━━ DATA EXTRACTS
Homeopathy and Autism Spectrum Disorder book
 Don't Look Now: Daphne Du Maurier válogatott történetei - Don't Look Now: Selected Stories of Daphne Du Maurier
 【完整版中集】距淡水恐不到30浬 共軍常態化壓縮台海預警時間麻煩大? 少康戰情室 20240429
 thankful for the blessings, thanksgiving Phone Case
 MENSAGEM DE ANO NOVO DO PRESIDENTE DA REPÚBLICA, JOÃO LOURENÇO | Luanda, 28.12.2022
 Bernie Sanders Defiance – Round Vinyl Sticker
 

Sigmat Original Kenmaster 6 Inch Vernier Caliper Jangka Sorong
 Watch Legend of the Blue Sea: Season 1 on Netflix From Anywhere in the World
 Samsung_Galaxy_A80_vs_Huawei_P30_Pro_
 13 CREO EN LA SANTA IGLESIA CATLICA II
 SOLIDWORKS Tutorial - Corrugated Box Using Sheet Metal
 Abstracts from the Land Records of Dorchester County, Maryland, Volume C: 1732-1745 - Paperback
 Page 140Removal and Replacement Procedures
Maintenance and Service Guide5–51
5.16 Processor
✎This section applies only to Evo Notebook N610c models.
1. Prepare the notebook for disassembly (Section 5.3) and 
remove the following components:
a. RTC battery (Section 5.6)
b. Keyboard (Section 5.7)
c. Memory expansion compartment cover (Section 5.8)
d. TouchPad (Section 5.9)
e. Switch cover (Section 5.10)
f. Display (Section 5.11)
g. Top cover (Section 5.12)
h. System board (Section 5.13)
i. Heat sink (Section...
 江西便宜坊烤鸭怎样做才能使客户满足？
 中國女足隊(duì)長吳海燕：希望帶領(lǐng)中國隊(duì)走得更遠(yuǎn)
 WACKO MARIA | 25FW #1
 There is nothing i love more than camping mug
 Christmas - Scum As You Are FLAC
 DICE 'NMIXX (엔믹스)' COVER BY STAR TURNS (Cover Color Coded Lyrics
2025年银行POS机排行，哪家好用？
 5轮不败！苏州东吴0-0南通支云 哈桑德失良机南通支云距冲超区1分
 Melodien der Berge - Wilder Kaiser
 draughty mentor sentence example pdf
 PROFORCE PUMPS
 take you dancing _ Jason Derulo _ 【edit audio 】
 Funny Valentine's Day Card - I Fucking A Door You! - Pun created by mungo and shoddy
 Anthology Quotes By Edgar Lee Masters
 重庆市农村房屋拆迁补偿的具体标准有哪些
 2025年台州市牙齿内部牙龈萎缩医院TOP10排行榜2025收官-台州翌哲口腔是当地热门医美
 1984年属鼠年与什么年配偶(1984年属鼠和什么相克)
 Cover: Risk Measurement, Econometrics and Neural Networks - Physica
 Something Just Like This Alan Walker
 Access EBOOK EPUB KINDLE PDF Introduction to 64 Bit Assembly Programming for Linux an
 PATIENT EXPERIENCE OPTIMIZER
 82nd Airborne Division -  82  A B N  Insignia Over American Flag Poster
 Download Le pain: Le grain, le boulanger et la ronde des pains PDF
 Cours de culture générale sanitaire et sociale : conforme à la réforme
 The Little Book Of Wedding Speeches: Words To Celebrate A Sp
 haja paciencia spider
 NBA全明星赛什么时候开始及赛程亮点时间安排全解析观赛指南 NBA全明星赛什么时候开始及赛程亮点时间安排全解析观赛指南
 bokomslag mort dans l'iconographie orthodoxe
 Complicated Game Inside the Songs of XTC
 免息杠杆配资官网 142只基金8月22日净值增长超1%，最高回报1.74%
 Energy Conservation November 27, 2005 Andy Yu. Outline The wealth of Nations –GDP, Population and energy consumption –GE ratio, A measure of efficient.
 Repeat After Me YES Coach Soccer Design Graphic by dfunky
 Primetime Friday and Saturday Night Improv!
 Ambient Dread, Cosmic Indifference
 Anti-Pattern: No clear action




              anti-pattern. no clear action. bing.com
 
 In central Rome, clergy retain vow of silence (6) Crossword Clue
━━━━
Take the lines above from the one containing "PROFORCE PUMPS" down to the one containing "1984年属鼠年与什么年配偶(1984年属鼠和什么相克)", and transcribe them exactly, both ends included.

 PROFORCE PUMPS
 take you dancing _ Jason Derulo _ 【edit audio 】
 Funny Valentine's Day Card - I Fucking A Door You! - Pun created by mungo and shoddy
 Anthology Quotes By Edgar Lee Masters
 重庆市农村房屋拆迁补偿的具体标准有哪些
 2025年台州市牙齿内部牙龈萎缩医院TOP10排行榜2025收官-台州翌哲口腔是当地热门医美
 1984年属鼠年与什么年配偶(1984年属鼠和什么相克)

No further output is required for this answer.